レノボ傘下でも揺るがぬ使命──日本スマホメーカーが「ハイエンド」と「ガラケー」を同時に出す理由

「arrows」ブランドのスマートフォンを手がけるFCNTが6月17日に発表した新製品群は、対照的だ。
1つは「arrows Alpha」。AI機能を搭載し、約35分でフル充電が可能なスマートフォンだ。もう1つは「らくらくホン F-41F」。物理ボタンを押し込んで操作する6年ぶりの新型フィーチャーフォンだ。2023年5月にレノボ傘下となった同社が、なぜ今、ここまで異なる製品を同時に開発したのか。

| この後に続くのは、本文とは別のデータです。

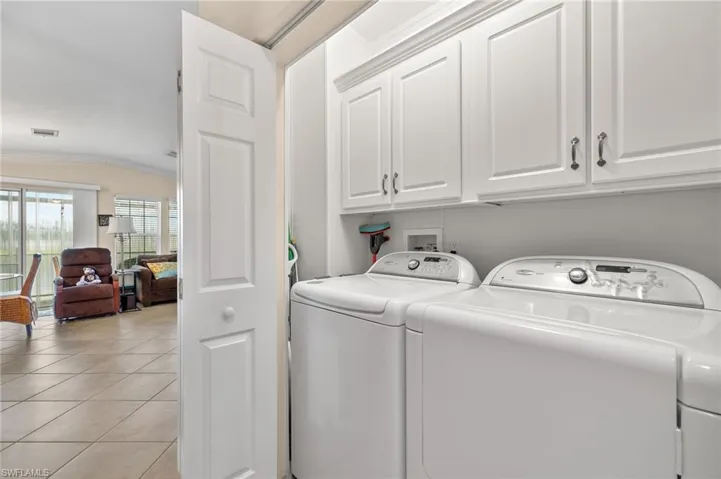 Washroom featuring ornamental molding, cabinets, light tile patterned floors, and washing machine and clothes dryer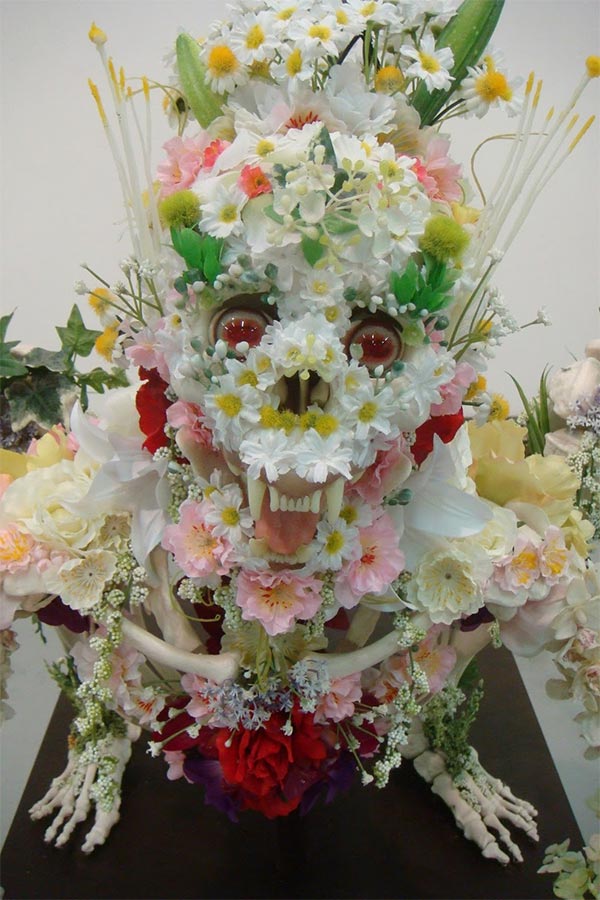 Flower-covered skeleton sculpture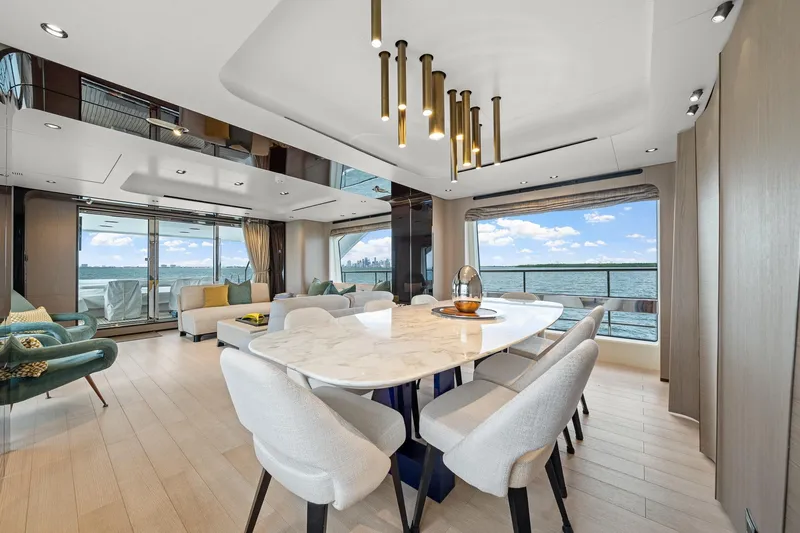 Slide: The Image of Luxurious interior of 2022 Azimut Grande 27 METRI yacht with elegant dining area and sea view. - 115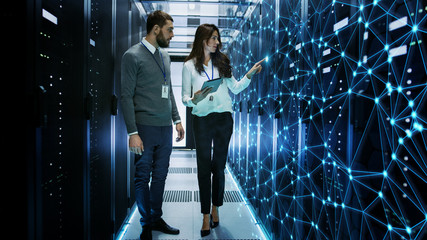 female and male it engineers discussing technical details in a working data center/ server room with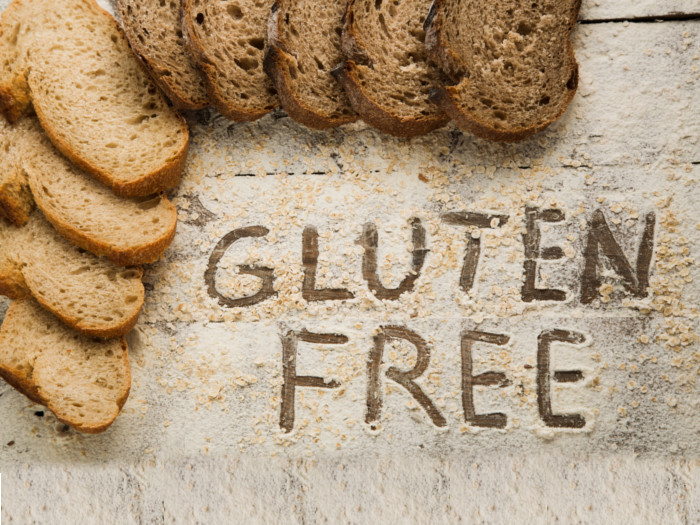 A flat-lay picture of gluten-free bread arranged around the corners of the platform and gluten-free written in the middle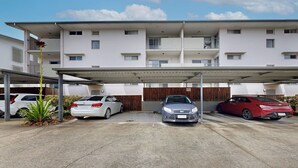 Un área de estacionamiento con tres autos bajo una estructura cubierta.
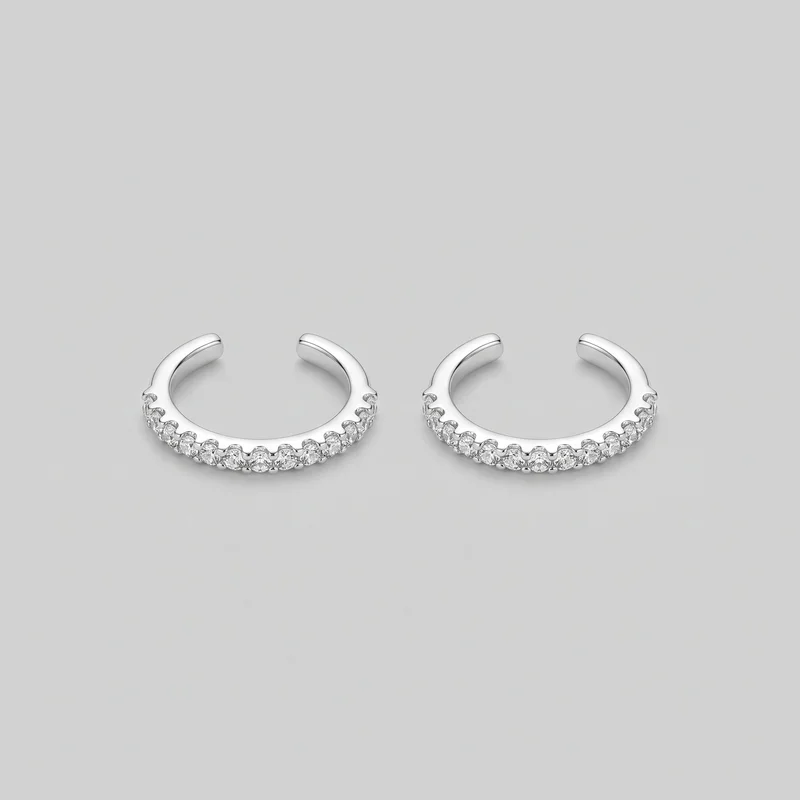 A matched pair of open C-shaped cuff hoop earrings is laid side by side. Each earring has a smooth rounded upper band and a lower arc decorated with a continuous row of round faceted stones in raised scalloped settings with fine pavé-like texture and bead-like prong details. The earrings have blunt rounded open ends and no visible posts, hooks, clasps, logos, or printed markings.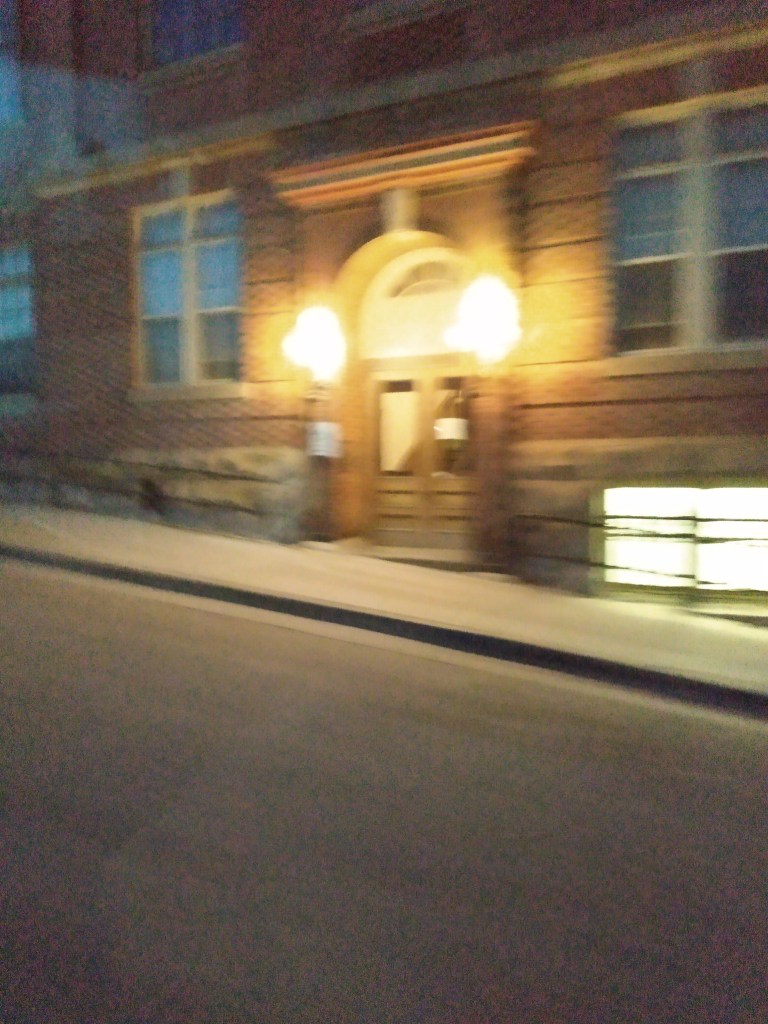 Arched doorway of the Cripple Creek Courthouse at night
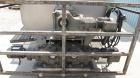 Used Volumetric Twin Screw Feeder.  Stainless steel twin screw feeder with agitator screw.  Screws driven by Eurodrive 3/4 hp each.  Hopper is 45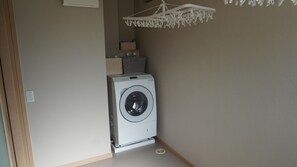 A laundry area with a washing machine, a drying rack, and a small shelf with baskets.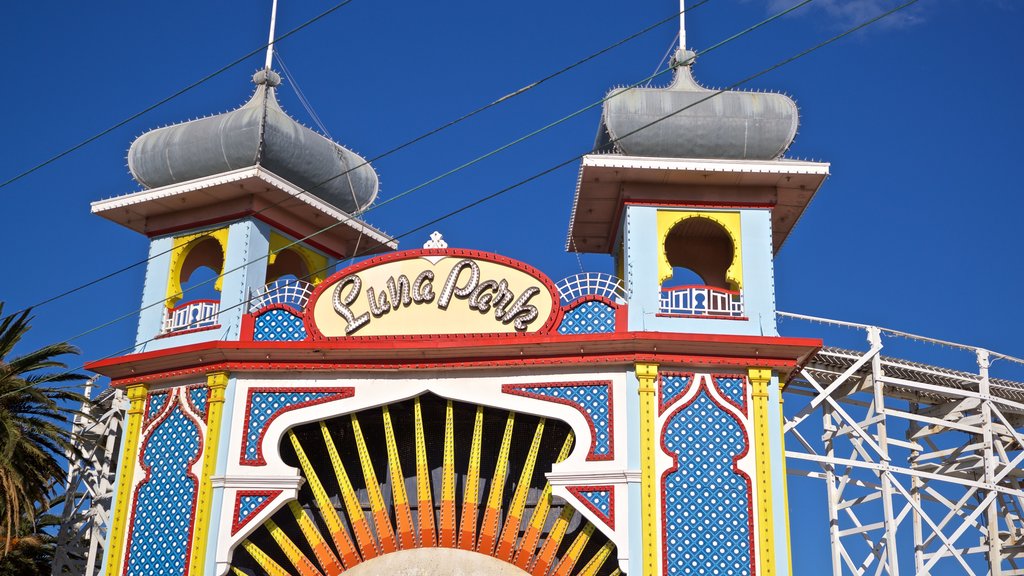 Luna Park featuring signage and rides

4月に就任した桑山泰明社長は、発表会の冒頭で印象的な言葉を述べた。「社長になって何がしたいですか、という質問に『何も変えないこと』と答えている」。レノボ出身の新社長が語る「変えない」とは何を意味するのか。
FCNTは『「やさしいテクノロジー」で、すべての人に未来を。』を企業理念に掲げている。「誰ひとり取り残さない」ことを尊重するこの理念こそが、一見矛盾する2製品の同時開発を読み解くカギとなる。

それぞれが見つめる「取り残される人々」
発表会で統合マーケティング戦略本部長の外谷一磨氏は、arrows Alphaのターゲットについて「8年前は10万円強でハイエンドモデルが買えた時代があった。今は約1.7倍になっている」と説明した。価格高騰により、かつてハイエンド機を使っていたユーザーが中級機への乗り換えを余儀なくされている。同社はこうした層を「お帰りハイエンド」と呼び、税込8万円台という価格設定で呼び戻そうとしている。